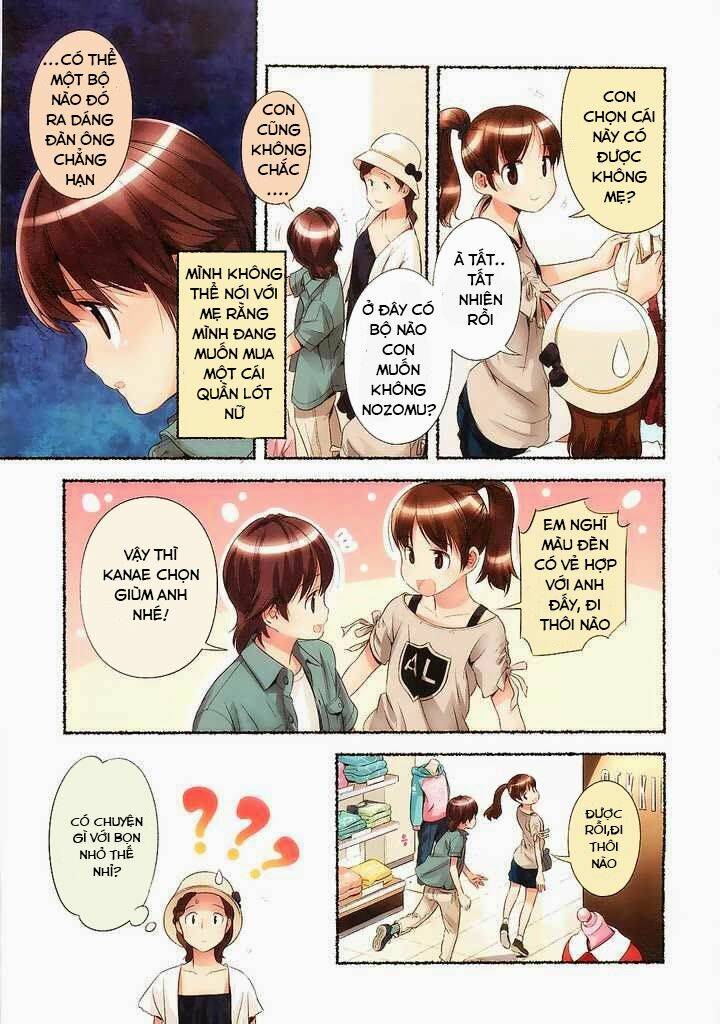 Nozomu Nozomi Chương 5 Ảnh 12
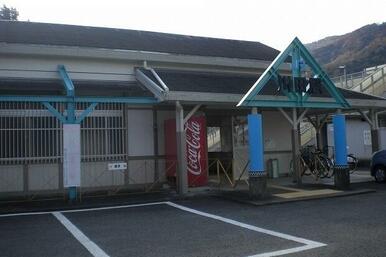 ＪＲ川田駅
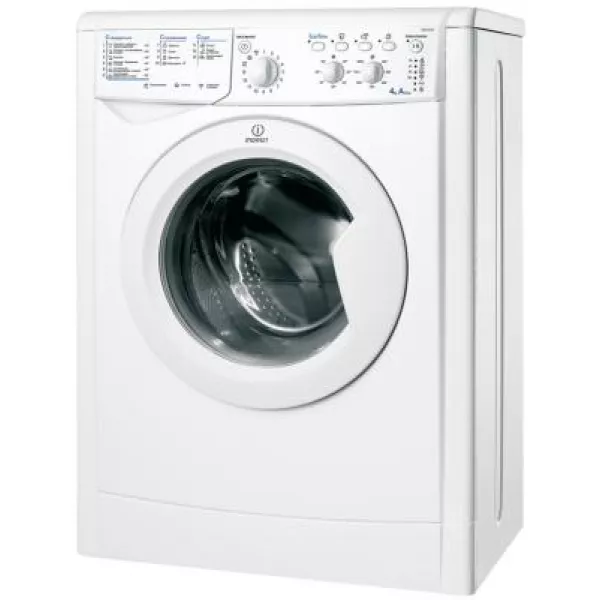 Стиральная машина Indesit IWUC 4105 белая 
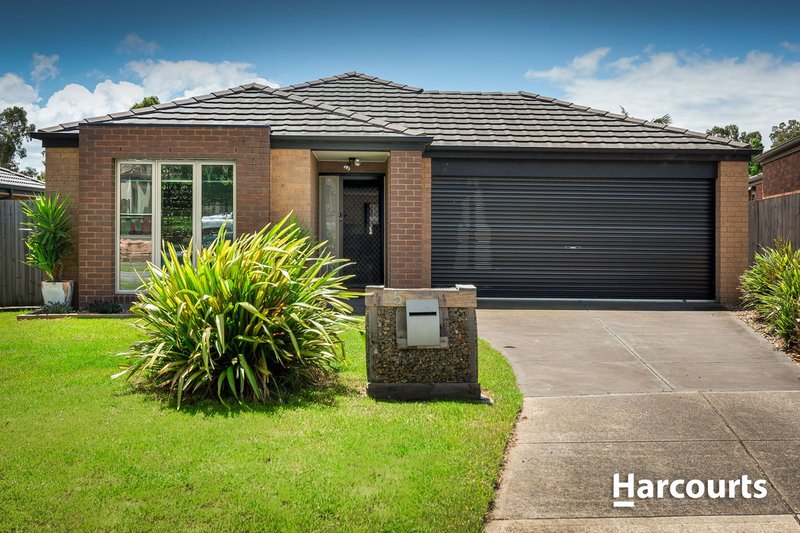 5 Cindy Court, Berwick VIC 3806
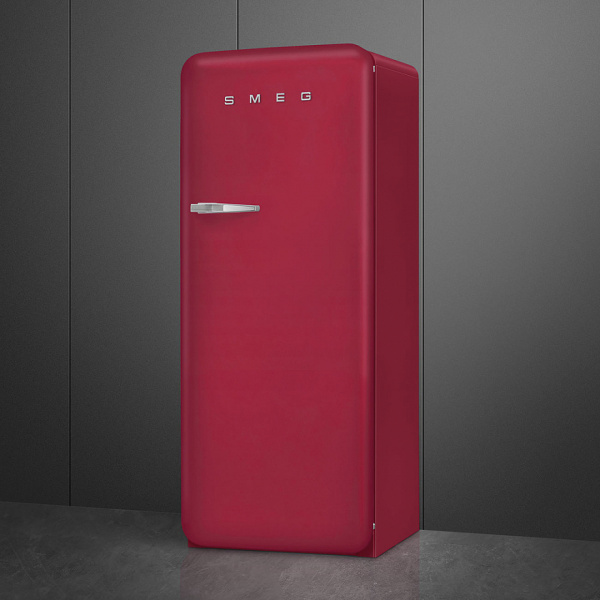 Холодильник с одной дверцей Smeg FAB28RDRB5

────────────────

Leave the pictures out, and retype exactly the lines from the one containing "Стиральная машина Indesit IWUC 4105 белая" through the last line of the entries above, both included.

[Answer to the exercise]:
 Стиральная машина Indesit IWUC 4105 белая 
 5 Cindy Court, Berwick VIC 3806
 Холодильник с одной дверцей Smeg FAB28RDRB5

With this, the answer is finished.